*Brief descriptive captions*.
================

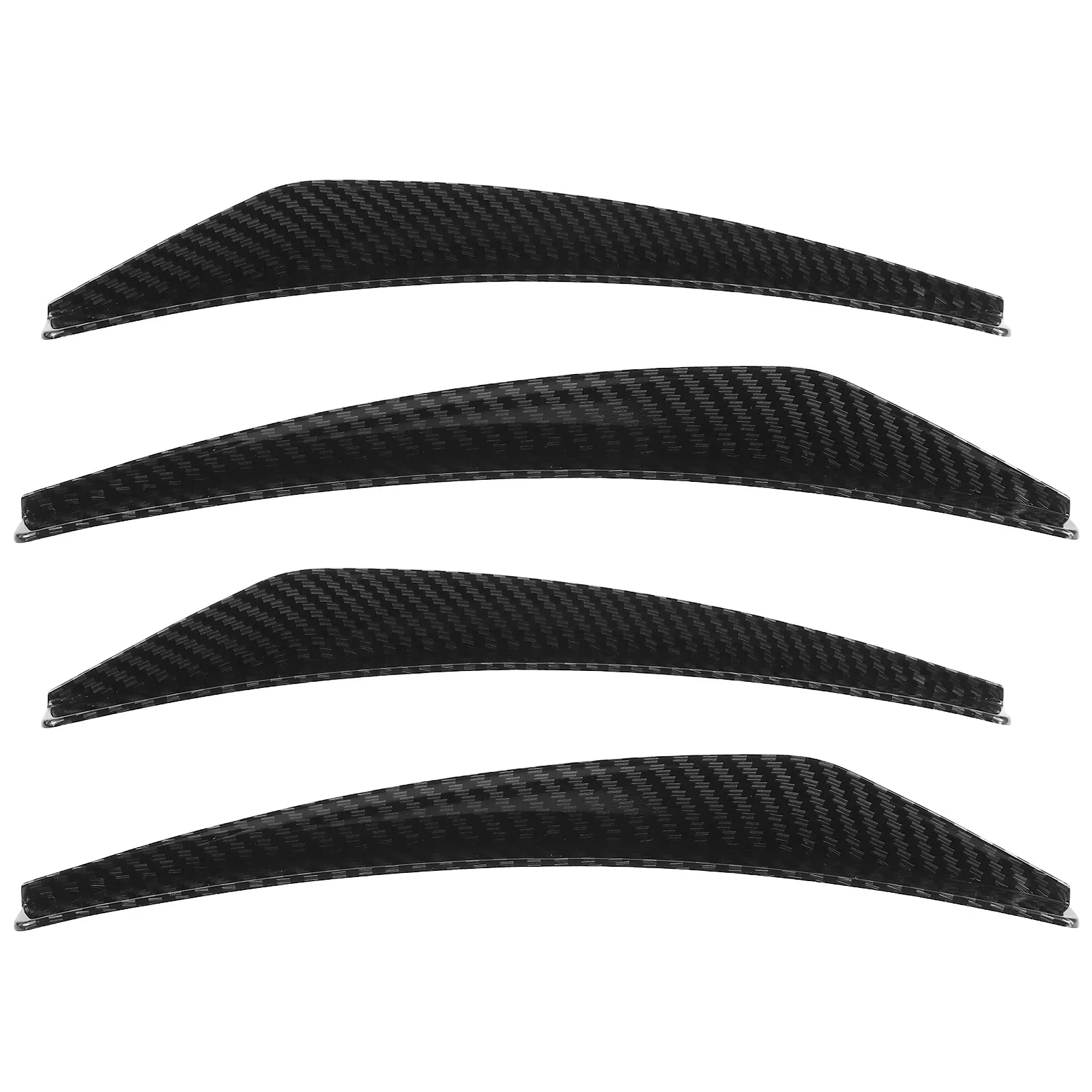 

4Pcs Universal Carbon Fiber Wheel Arch Protector Trim Cover for Car Exterior Stylish Rim Decoration Bumper Protection Automotive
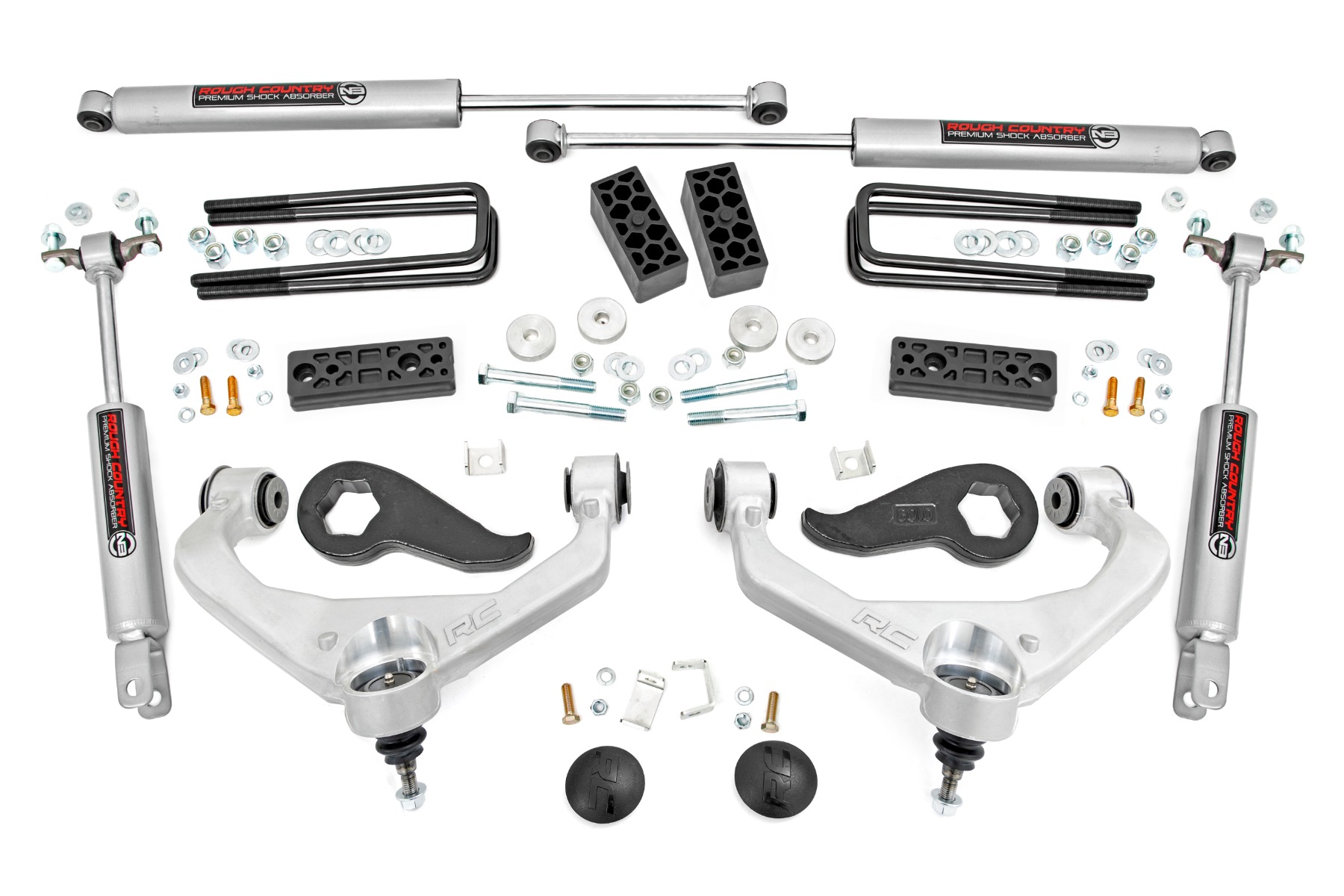 Rough Country 3 Inch Lift Kit Chevy/GMC Sierra 3500 HD/Silverado 3500 HD 2WD/4WD (20-26)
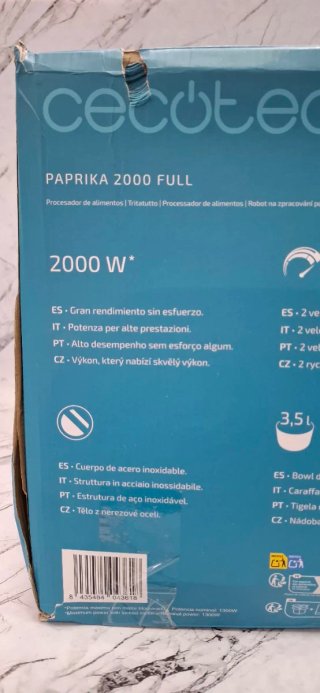 Procesador de alimentos Cecotec paprika 2000 full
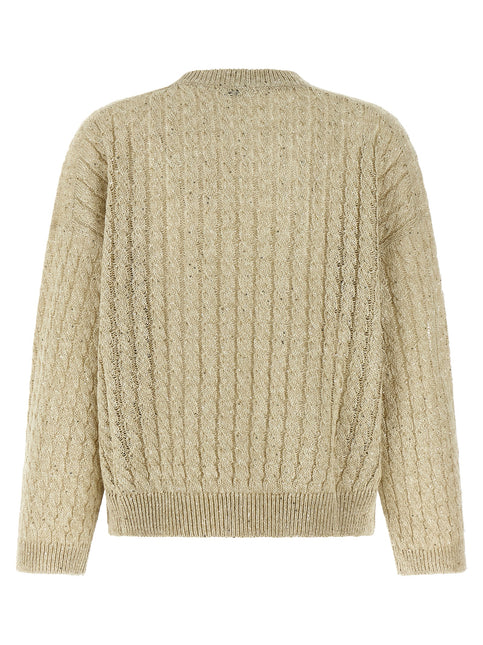 Brunello Cucinelli Beige Linen Cardigan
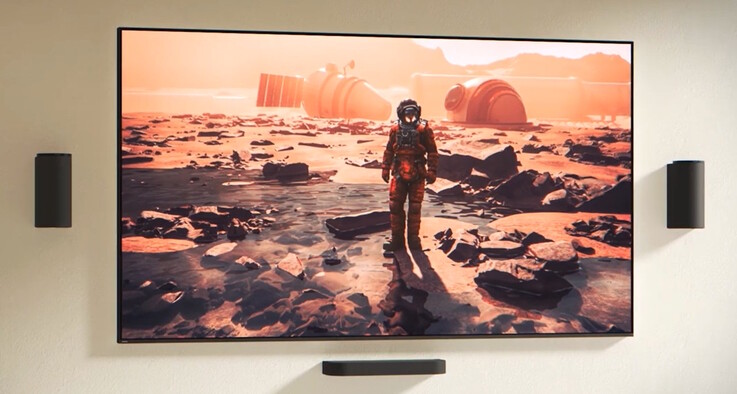 Das 405-Watt-Soundsystem Bravia Theater Trio kann per 360 Spatial Sound Mapping bis zu 24 Phantom-Lautsprecher im Raum erzeugen.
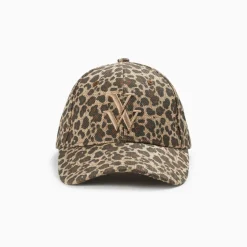 Casquette clem leopard leopard en tissu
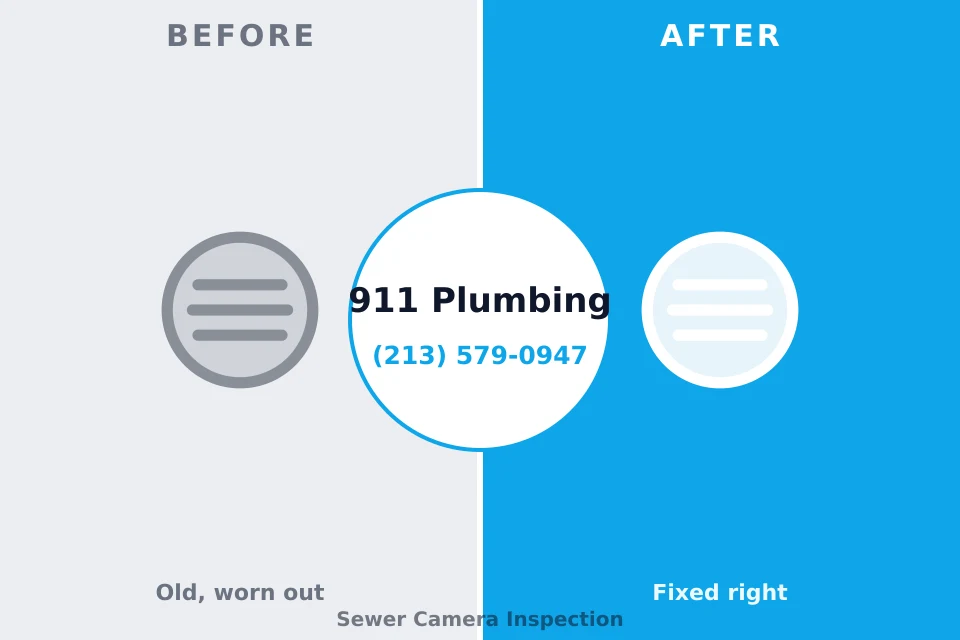 Before and after: plumbing repair Loudonville, NY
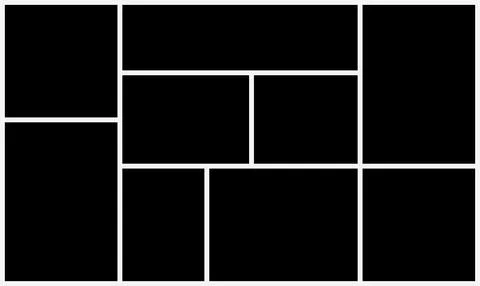 Photo frame set background design vector Stock-Illustration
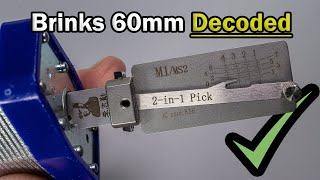 M1 / MS2 Lishi vs Brinks 60mm Laminated Padlock || Decoded!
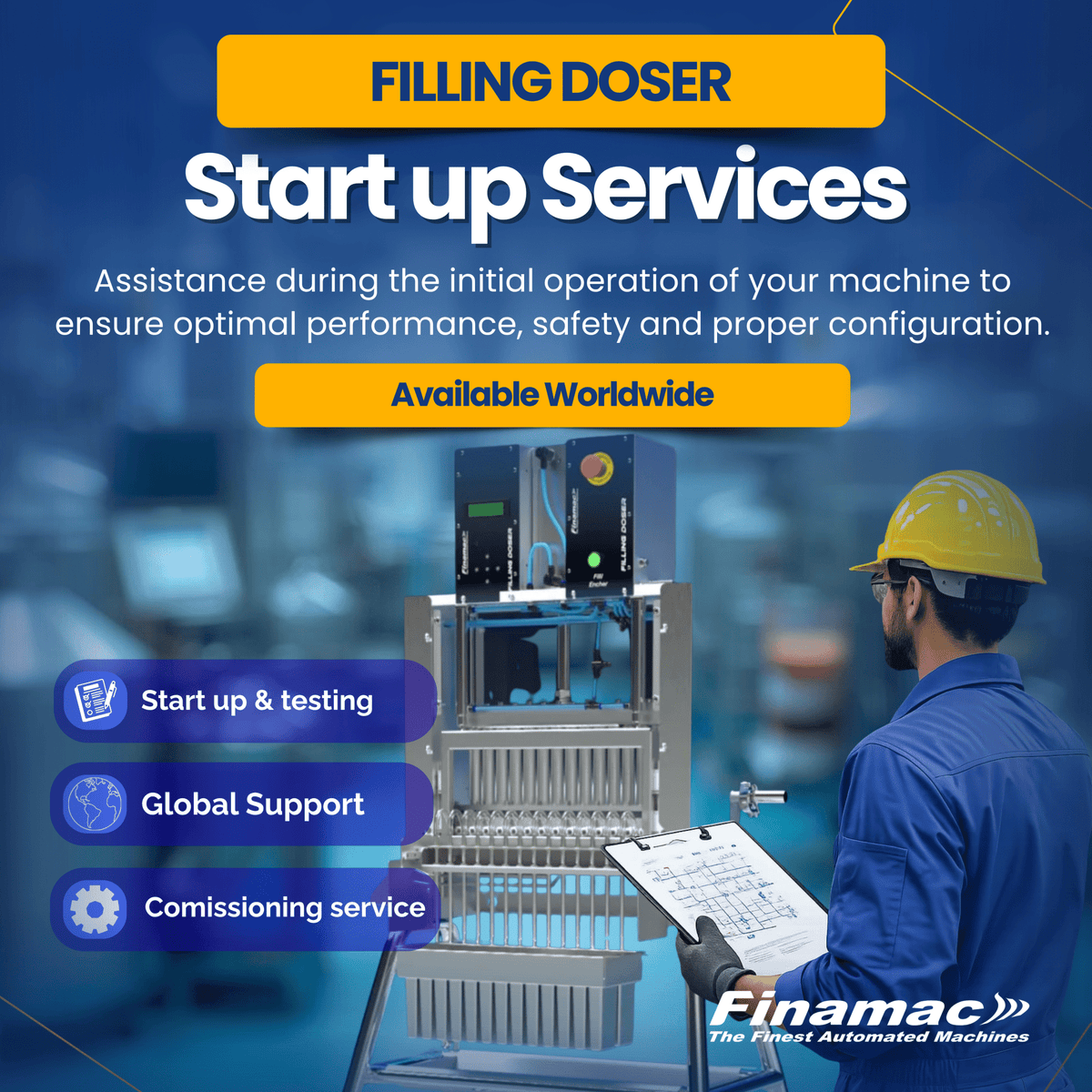 U.S. Machines Start up Services - Filling Doser - Finamac LLC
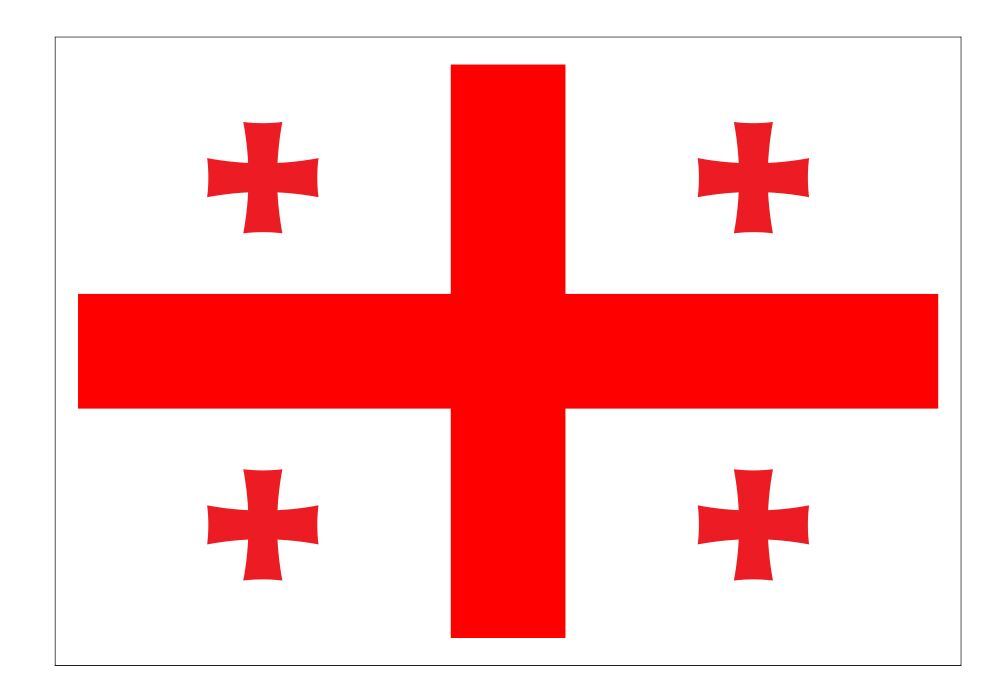 Georgia Flag Sticker Decal F712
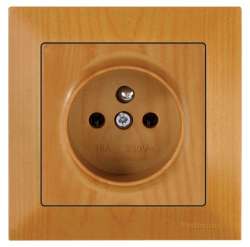 Candela White UPS (French) Socket (Eathed Socket with Pin) - Thumbnail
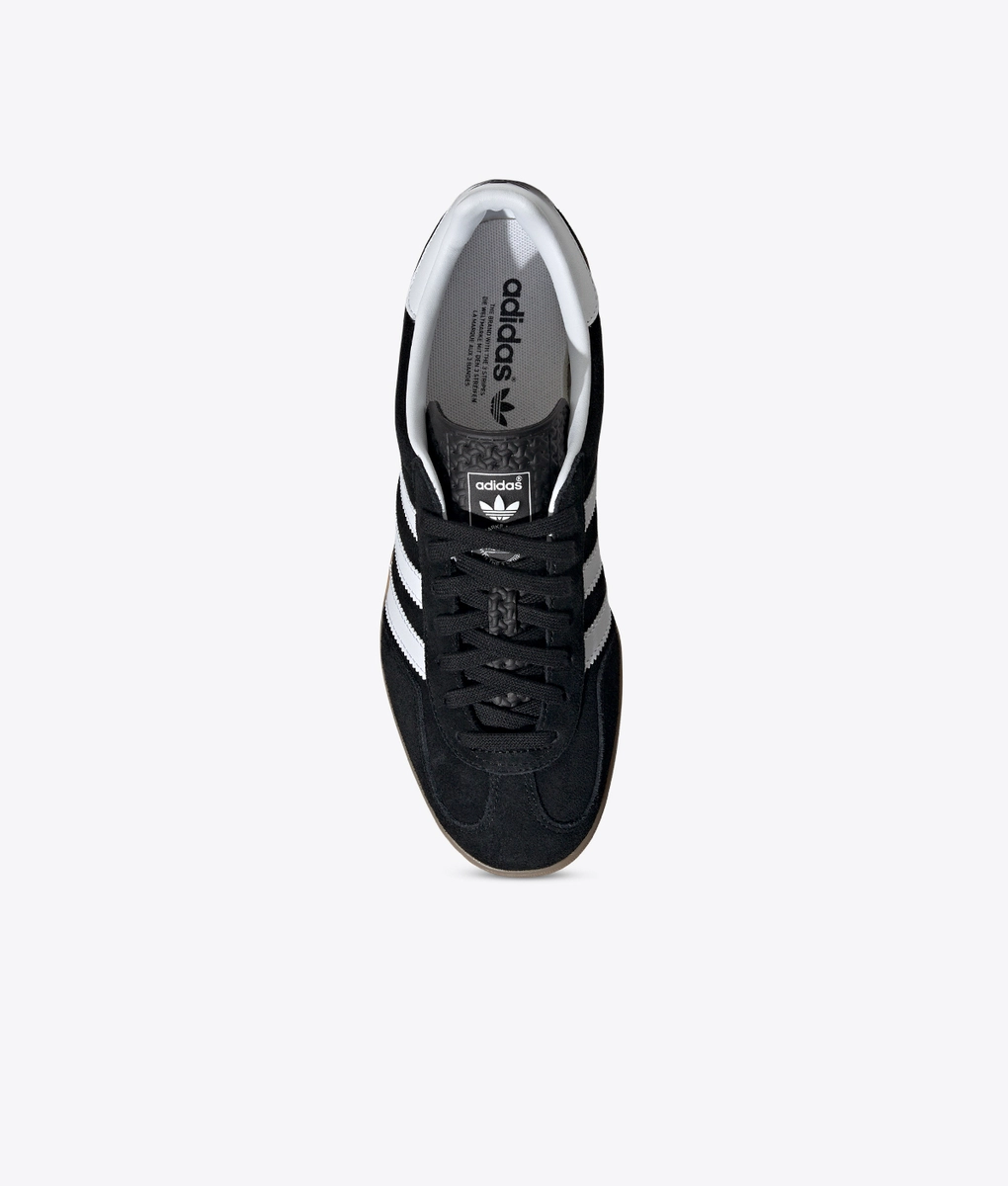Adidas Originals - Adidas Originals Gazelle Indoor Core Black/White-Gum |  Buy Men's Sneakers Online At VegNonVeg - VegNonVeg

================

*Task to complete*. Copy exactly, and copy nothing else: the lines from the one containing "Photo frame set" through the end of the data, both ends included, with pictures left out.

*The completed task*.
 Photo frame set background design vector Stock-Illustration
 M1 / MS2 Lishi vs Brinks 60mm Laminated Padlock || Decoded!
 U.S. Machines Start up Services - Filling Doser - Finamac LLC
 Georgia Flag Sticker Decal F712
 Candela White UPS (French) Socket (Eathed Socket with Pin) - Thumbnail
Adidas Originals - Adidas Originals Gazelle Indoor Core Black/White-Gum |  Buy Men's Sneakers Online At VegNonVeg - VegNonVeg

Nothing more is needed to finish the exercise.